A 2013 Reading Analysis: my favourite books of the year

So, 2013 was another good reading year for me- I was introduced to some brilliant new debut authors and also made a concerted effort to try and read some more ‘classic’ novels too. Looking back at my reading list it does tend to be slightly more fiction-heavy than perhaps I would have liked, though I did squeeze in some excellent non-fiction reads in the year, some of which were decidedly hefty books.

I completed 239 books in 2013; not a bad total by any means though certainly less than I read in 2012. I attribute this  to the fact that I read a lot more chunksters in 2013- something I am going to be doing a lot more of in this upcoming year, too. Of these books, 34 were nonfiction; not too shabby, though I’d definitely like to read more nonfiction in 2014 if I can. I do tend to always have at least one piece of nonfiction always on the go in conjunction with a fictional read, though as I keep those kinds of books mainly on my bedside table and reserve them for reading purely before I go to sleep, they do take me a bit longer to get through.

So, on to my favourite reads….!

Without a doubt my favourite book of the year was Burial Rites by Hannah Kent. I don’t usually have a guaranteed favourite novel, but this fictionalised account of a real-life murder in 19th century Iceland was both heartbreaking and powerfully written and definitely a stand-out read. It is probably the best novel I have ever read by a debut author and I cannot recommend it highly enough. I wait with eager anticipation to see what Kent comes up with next.

After becoming slightly obsessed by Stephen King and re-reading a lot of his earlier novels this year, it is no surprise that he features in my top ten list more than once. I finally got around to reading The Shining after having the bejeezus scared out of me watching the film at a sleepover when I was a kid. The book terrified me, obviously. I loved it though, and immediately moved on to read its recent sequel, Doctor Sleep– a brilliant conclusion to Danny Torrance’s story which started at the Overlook Hotel so many decades ago. Reading the books in close succession was a fantastic- and frightening- reading experience.

Talking of frightening, I also savoured Dark Matter by Michelle Paver- a truly scary ghost story.  Again, this isn’t a genre I read particularly often, but the story was spectacularly told and beautifully atmospheric, which compensated for my fear!

2013 was the year that I finally began the TimeRiders series by Alex Scarrow, a young adult series about three kids who travel back in time. Now, time travel confuses the heck out of me, but there is something so appealing about this series. It’s smart, well-written and also manages to impart historical facts in its pages. Educational and entertaining is always a win-win situation for me. I’ve read four books in the series so far and don’t want to get through these in too much of a rush so I’m trying to savour the rest, but you can read what I thought of books one, two, three and four if you want to know more. The first book is still my favourite to date I think, though book four was fantastic too.

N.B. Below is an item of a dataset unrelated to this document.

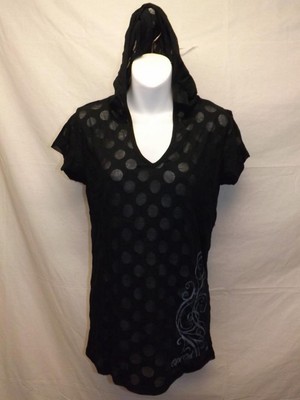 NEW Cape Cod Massachusetts Womens Size M Medium Black Hoodie Shirt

Necessary Lies by Diane Chamberlain is one of the strongest books I have read by this author and I have experienced a lot of her writing. Her novels are always deeply thought-provoking and manage to pose some ethical questions and this one, exploring a rather dark period in America’s recent history, was no exception. It was harrowing and heart-breaking yet managed to make me fall completely in love with some of its characters. If you are a fan of Jodi Picoult or Heather Gudenkauf then you will love Chamberlain’s books.

Speaking of Picoult, her mesmerising The Storyteller hit shelves earlier this year and was another engrossing read. It was a story of secrets and forgiveness set against the haunting backdrop of the Holocaust and moving towards the present day. I just don’t know how Picoult manages to weave such incredible stories time and time again, but needless to say, she remains one of my favourite authors and is one of the few whose books I will duly purchase in hardback the second they hit the shops.

Continuing the theme of thought-provoking reads, Lisa Genova’s Still Alice was a remarkable fictionalised account of a woman with early-onset Alzheimer’s. I read this at the start of the year and it broke my heart in its realistic portrayal of the illness. Though it is probably not a story for everyone and may upset those who have this illness in their own families, I found it to be an important, topical novel. It is the first book by Genova I have read, though I will definitely read more by her in future.

Hotel on the Corner of Bitter and Sweet was a sublime debut by Jamie Ford, which I finally got around to reading after having it on my wish list since its release in 2011. It combines significant historical events with some amazing fictional protagonists and weaves together an engrossing story of romance, war and cultural identities.

The Shining Girls by Lauren Beukes was a serial killer thriller with a difference- as it incorporated time travel. Surprisingly, it didn’t confuse me and I found myself unable to put it down. The pace was perfect, the characters remarkably well-drawn and it was such a worthwhile read. I can see why this book has generated so much hype- it is deserved.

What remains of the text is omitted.